I love my ottos for this! From time to time someone will take a run at them and they just lumber along and perch themselves on the next available leaf. IMO they have the best fish personality.


----------



## JanS (Apr 14, 2004)

Yes, I agree that adding more fish would help this. Even if you increase your group of Columbians, it would help spread the aggression out.


----------



## Jeff232 (Nov 4, 2006)

i had heard that having a lot of cichlids for instance would decrease the territorial behaviour going on in the tank but i had never actually tried it, maybe ill put some black skirts in there as well....are gourammis peaceful fish?


----------



## dyckster (Nov 28, 2006)

Wow, I just realized that you said it was 100 gallongs. That's a huge amount of space for 5 tetras. I'm surprized they are able to find one another to nip at their fins.

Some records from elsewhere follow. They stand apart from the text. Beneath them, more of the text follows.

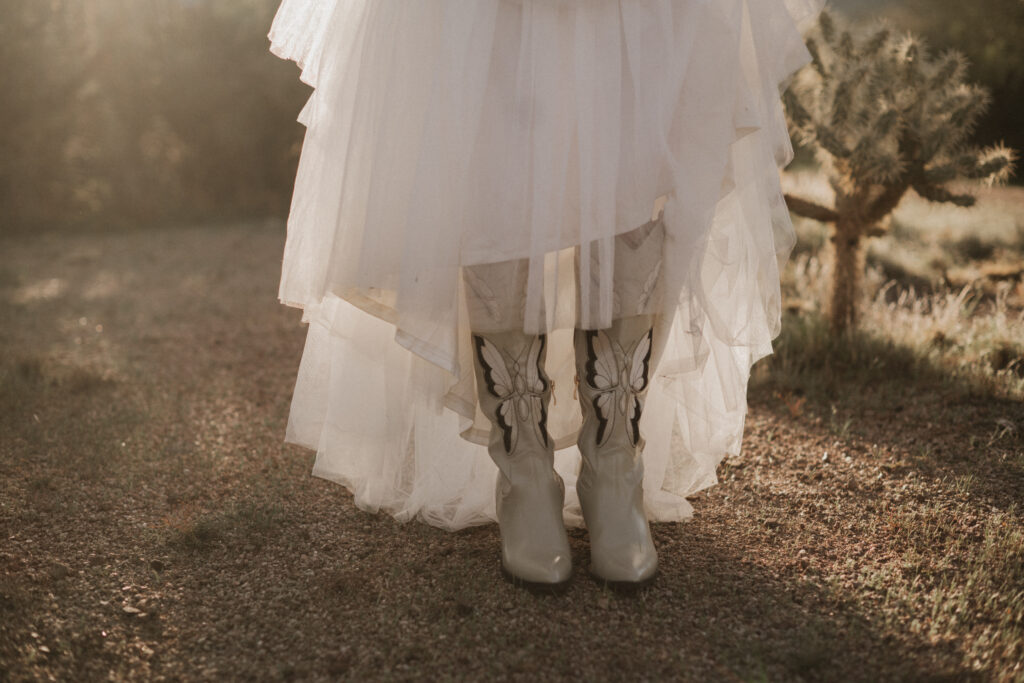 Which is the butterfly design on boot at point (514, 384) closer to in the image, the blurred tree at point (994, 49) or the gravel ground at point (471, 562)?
the gravel ground at point (471, 562)

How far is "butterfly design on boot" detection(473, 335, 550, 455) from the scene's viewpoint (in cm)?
139

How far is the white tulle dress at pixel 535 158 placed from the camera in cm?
126

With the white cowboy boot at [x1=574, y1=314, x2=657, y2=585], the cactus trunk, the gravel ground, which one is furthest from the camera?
the cactus trunk

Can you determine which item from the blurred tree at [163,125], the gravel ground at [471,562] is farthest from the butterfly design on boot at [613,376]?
the blurred tree at [163,125]

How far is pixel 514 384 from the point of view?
1.40 m

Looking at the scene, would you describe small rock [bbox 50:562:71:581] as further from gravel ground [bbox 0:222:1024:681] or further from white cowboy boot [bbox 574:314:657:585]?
white cowboy boot [bbox 574:314:657:585]

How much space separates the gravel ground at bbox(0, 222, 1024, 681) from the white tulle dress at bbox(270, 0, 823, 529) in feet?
1.30

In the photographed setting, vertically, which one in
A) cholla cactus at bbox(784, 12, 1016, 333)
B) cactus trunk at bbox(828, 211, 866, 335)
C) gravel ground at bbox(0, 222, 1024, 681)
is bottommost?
gravel ground at bbox(0, 222, 1024, 681)

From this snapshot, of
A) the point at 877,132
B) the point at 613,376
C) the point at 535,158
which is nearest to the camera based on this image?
the point at 535,158

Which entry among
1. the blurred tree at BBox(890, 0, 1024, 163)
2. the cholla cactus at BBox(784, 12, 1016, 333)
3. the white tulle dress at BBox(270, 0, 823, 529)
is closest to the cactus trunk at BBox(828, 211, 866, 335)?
the cholla cactus at BBox(784, 12, 1016, 333)

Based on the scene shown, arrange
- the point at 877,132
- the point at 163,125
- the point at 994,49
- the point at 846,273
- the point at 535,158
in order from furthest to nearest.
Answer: the point at 163,125
the point at 994,49
the point at 846,273
the point at 877,132
the point at 535,158

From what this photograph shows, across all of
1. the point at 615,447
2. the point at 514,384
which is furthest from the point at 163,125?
the point at 615,447

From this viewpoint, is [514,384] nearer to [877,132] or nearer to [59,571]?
[59,571]

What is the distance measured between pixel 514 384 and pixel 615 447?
234mm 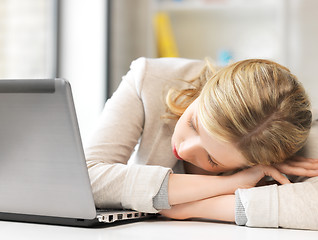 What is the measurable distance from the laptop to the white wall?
1586 millimetres

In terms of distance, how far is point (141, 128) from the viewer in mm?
1142

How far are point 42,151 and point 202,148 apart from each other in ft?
1.09

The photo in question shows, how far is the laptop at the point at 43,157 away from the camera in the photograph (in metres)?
0.63

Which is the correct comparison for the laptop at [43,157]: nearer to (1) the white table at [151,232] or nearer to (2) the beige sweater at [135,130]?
(1) the white table at [151,232]

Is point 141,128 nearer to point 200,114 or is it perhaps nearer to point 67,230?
point 200,114

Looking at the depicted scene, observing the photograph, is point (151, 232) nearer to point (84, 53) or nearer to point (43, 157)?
point (43, 157)

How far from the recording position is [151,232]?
28.5 inches

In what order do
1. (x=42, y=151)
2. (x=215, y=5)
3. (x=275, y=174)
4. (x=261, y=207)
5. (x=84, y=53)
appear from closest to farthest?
(x=42, y=151)
(x=261, y=207)
(x=275, y=174)
(x=84, y=53)
(x=215, y=5)

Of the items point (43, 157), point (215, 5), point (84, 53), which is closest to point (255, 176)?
point (43, 157)

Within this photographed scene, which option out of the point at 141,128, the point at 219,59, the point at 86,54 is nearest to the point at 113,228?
the point at 141,128

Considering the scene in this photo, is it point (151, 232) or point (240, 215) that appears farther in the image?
point (240, 215)

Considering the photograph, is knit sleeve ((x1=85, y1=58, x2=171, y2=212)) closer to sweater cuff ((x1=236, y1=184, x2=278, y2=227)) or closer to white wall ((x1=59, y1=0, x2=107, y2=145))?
sweater cuff ((x1=236, y1=184, x2=278, y2=227))

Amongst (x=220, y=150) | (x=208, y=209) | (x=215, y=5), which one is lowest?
(x=208, y=209)

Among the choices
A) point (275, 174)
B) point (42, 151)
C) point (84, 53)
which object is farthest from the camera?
point (84, 53) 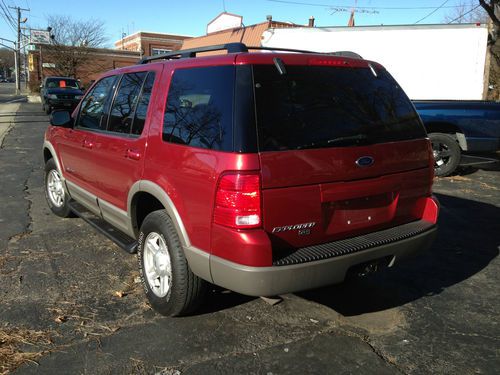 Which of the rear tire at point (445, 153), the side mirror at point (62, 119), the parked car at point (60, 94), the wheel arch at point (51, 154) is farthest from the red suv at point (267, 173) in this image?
the parked car at point (60, 94)

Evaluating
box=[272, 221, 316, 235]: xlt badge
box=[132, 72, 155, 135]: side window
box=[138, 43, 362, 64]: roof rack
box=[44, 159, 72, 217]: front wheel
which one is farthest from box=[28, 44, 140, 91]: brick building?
box=[272, 221, 316, 235]: xlt badge

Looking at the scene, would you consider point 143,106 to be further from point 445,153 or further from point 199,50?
point 445,153

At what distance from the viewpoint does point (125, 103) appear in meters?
4.12

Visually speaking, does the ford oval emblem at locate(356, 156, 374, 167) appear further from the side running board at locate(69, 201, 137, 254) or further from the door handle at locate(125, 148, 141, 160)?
the side running board at locate(69, 201, 137, 254)

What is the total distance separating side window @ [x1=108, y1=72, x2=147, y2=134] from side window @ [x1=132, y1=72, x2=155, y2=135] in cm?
10

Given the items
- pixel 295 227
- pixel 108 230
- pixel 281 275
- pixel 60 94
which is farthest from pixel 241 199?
pixel 60 94

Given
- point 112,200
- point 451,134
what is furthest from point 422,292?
point 451,134

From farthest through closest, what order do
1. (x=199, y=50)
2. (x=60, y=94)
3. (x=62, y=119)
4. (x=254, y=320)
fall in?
(x=60, y=94) < (x=62, y=119) < (x=199, y=50) < (x=254, y=320)

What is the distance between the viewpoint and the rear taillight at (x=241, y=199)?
2721mm

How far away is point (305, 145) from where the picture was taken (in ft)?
9.55

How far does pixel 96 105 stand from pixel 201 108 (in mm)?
2108

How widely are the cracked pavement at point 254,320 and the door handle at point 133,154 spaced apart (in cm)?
115

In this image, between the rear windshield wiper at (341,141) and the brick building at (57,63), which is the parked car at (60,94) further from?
the rear windshield wiper at (341,141)

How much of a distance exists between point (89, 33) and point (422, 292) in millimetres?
50818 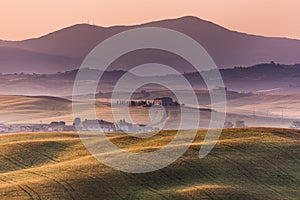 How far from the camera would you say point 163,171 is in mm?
70250

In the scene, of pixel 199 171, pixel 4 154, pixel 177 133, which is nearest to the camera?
pixel 199 171

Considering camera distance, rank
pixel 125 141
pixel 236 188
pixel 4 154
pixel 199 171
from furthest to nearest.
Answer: pixel 125 141 → pixel 4 154 → pixel 199 171 → pixel 236 188

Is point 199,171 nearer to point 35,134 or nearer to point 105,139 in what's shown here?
point 105,139

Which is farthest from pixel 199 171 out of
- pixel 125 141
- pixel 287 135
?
pixel 287 135

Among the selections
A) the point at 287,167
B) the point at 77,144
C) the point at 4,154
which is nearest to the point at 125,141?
the point at 77,144

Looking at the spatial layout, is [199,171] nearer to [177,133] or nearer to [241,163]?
[241,163]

Never had gouramis but I hear that they are the definition of peaceful fish. You should add a bunch more tetras so they start schooling. IMO they look nicer when they do that. 

Cichlids are pretty territorial but they'll probably keep the tetras in check. The kribs I have aren't too bad for aggression but I do have one big one that chases anyone who gets too close to his cave.


----------



## Mud Pie Mama (Jul 30, 2006)

I have found it very important to hit a certain 'critical mass' with some of the tetras for their group dynamics to work really well. I think 5 often is just not enough of one species. Try for at least 8, or 9 ... better yet 12! It would be great if you could get a few more. If you find out who orders the fish at your LFS, they can often get in what you're seeking. 

I had Diamond tetras and they were so skittish when I just had six, I increased the shoal to nine....and Bingo! Zippety-Do-Da! I had happy fish. Playful and great interactions.

I've also seen fish act strangely for the first one to two weeks they're in a new tank, it can take longer than we imagine for them to settle in and feel at home.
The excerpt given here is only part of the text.